» Task: Could you restate the entries below word for word and leave the images out?

»»

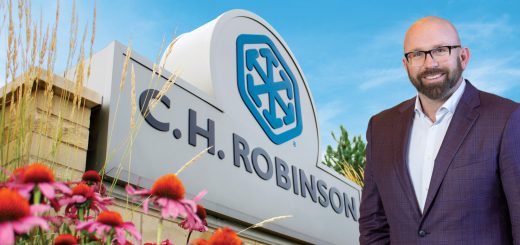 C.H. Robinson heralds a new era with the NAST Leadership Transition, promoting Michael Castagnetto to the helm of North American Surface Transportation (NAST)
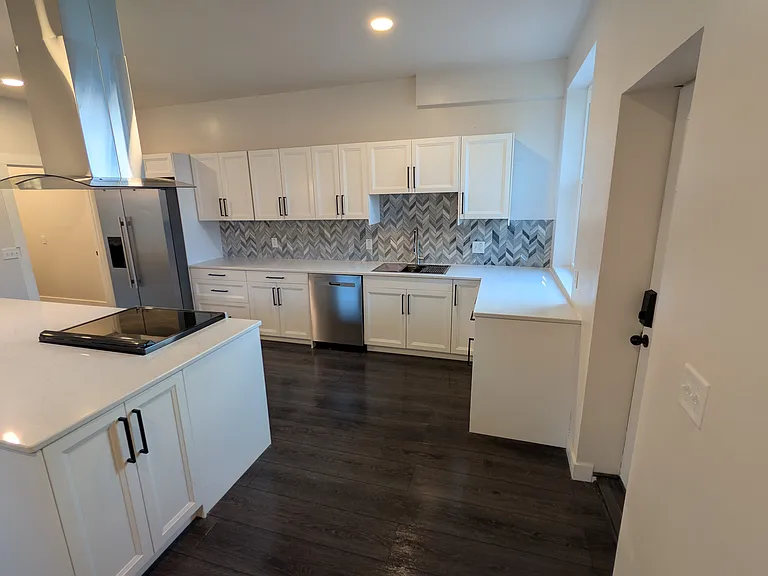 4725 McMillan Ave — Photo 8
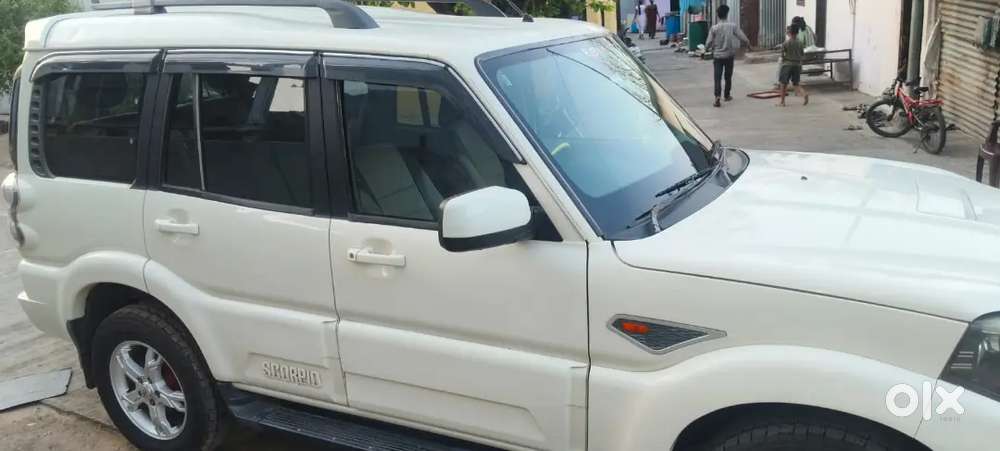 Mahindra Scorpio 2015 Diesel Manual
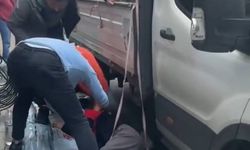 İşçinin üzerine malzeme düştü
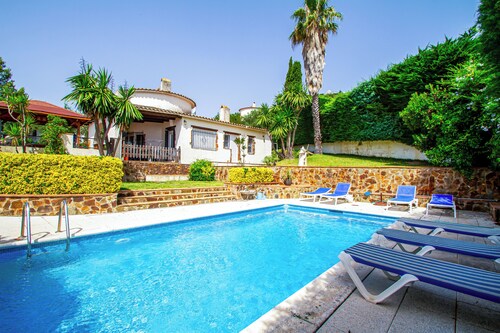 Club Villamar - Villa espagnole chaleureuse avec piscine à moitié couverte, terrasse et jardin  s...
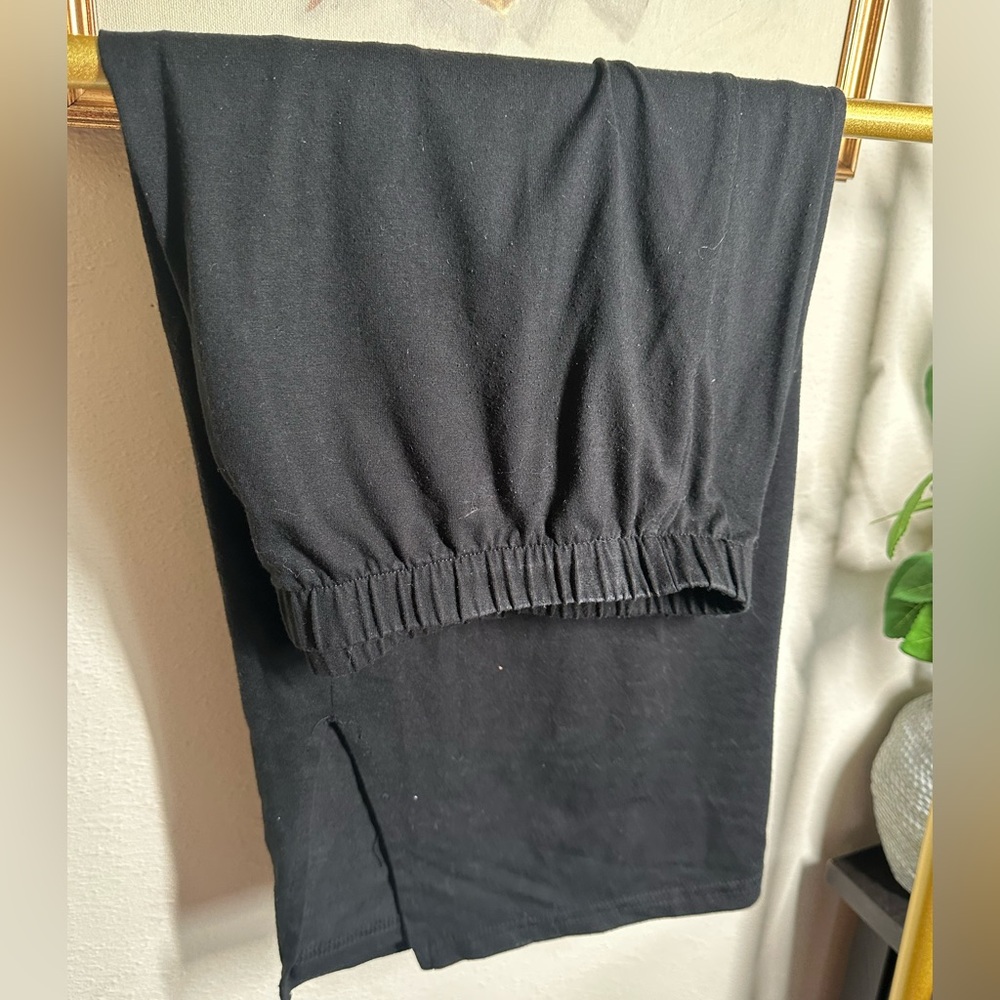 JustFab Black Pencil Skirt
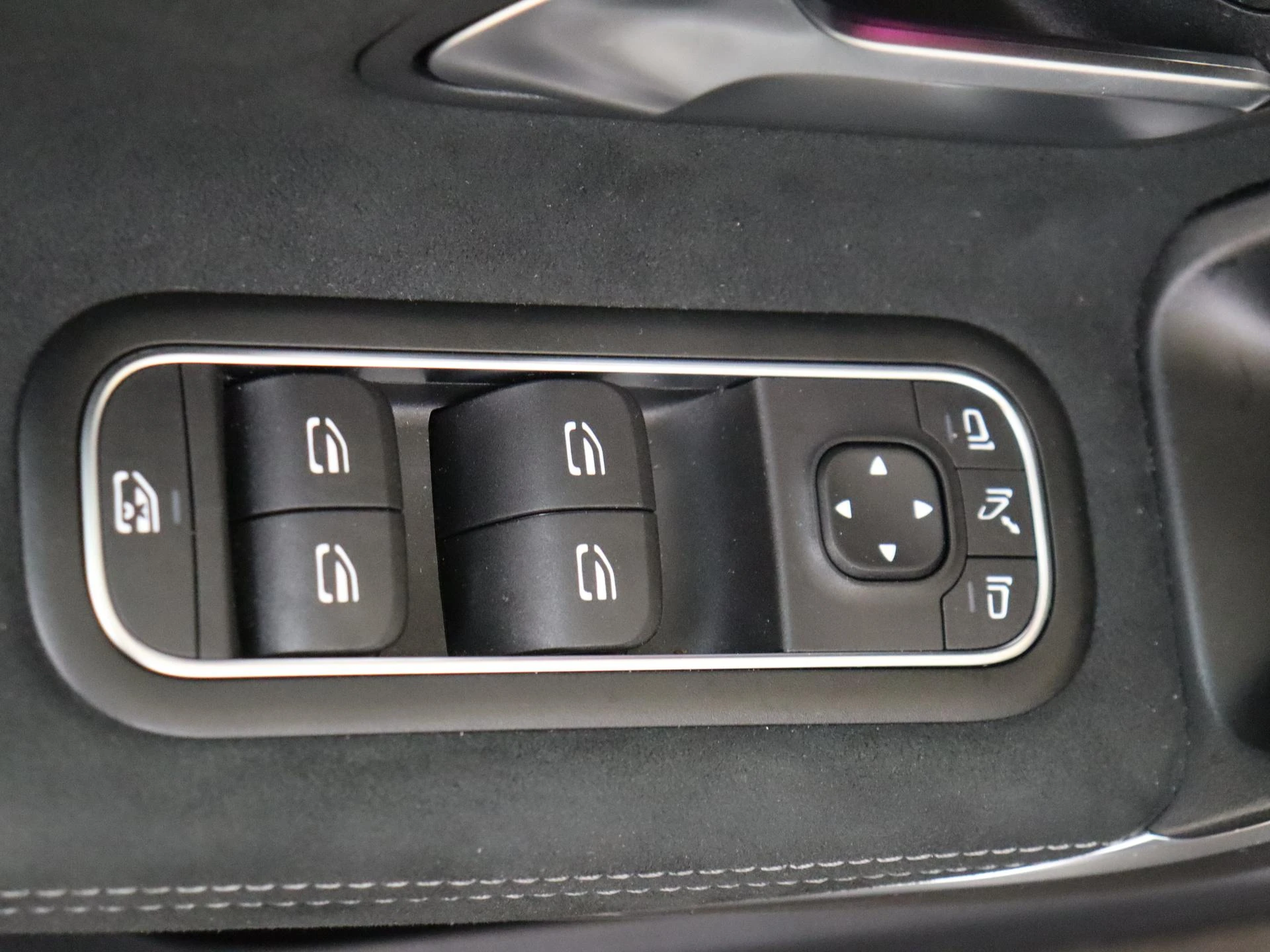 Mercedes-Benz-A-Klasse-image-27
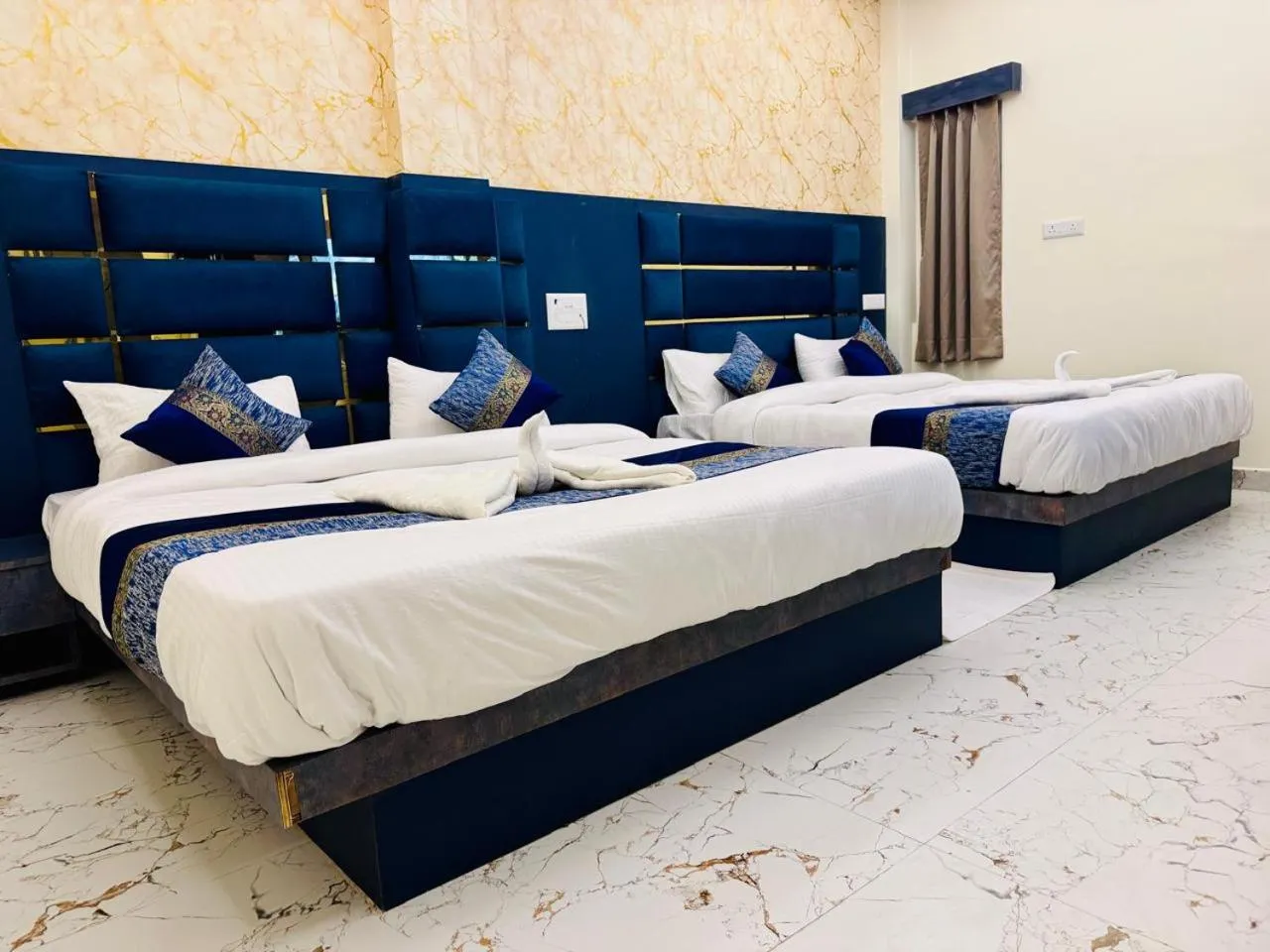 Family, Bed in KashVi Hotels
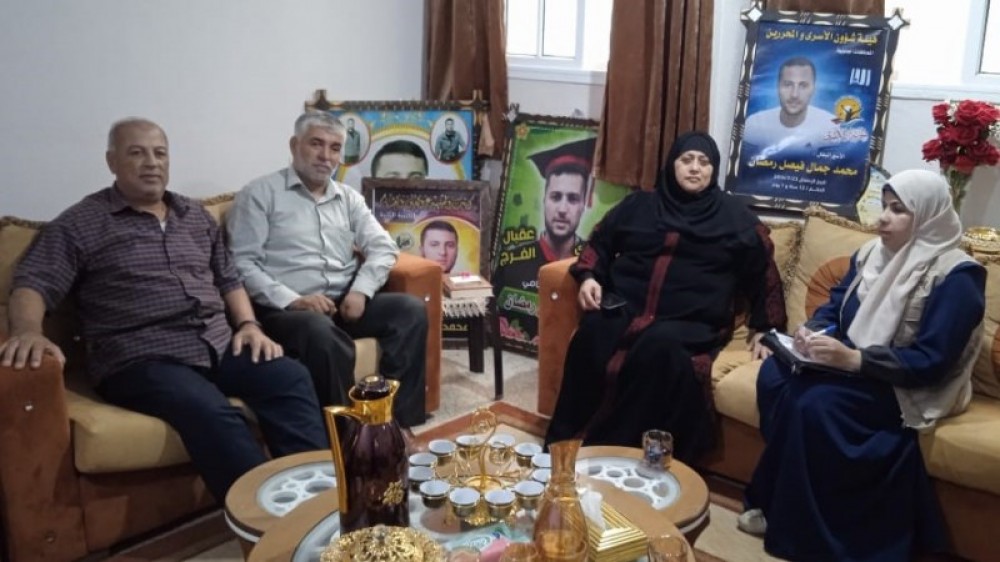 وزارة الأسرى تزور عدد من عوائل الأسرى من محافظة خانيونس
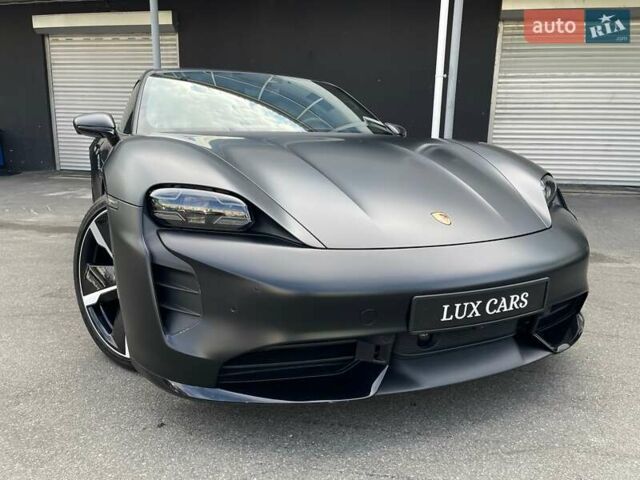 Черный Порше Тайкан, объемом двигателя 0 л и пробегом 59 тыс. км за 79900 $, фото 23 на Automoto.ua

««

» Solution to the problem:
 C.H. Robinson heralds a new era with the NAST Leadership Transition, promoting Michael Castagnetto to the helm of North American Surface Transportation (NAST)
 4725 McMillan Ave — Photo 8
 Mahindra Scorpio 2015 Diesel Manual
 İşçinin üzerine malzeme düştü
 Club Villamar - Villa espagnole chaleureuse avec piscine à moitié couverte, terrasse et jardin  s...
 JustFab Black Pencil Skirt
 Mercedes-Benz-A-Klasse-image-27
 Family, Bed in KashVi Hotels
 وزارة الأسرى تزور عدد من عوائل الأسرى من محافظة خانيونس
 Черный Порше Тайкан, объемом двигателя 0 л и пробегом 59 тыс. км за 79900 $, фото 23 на Automoto.ua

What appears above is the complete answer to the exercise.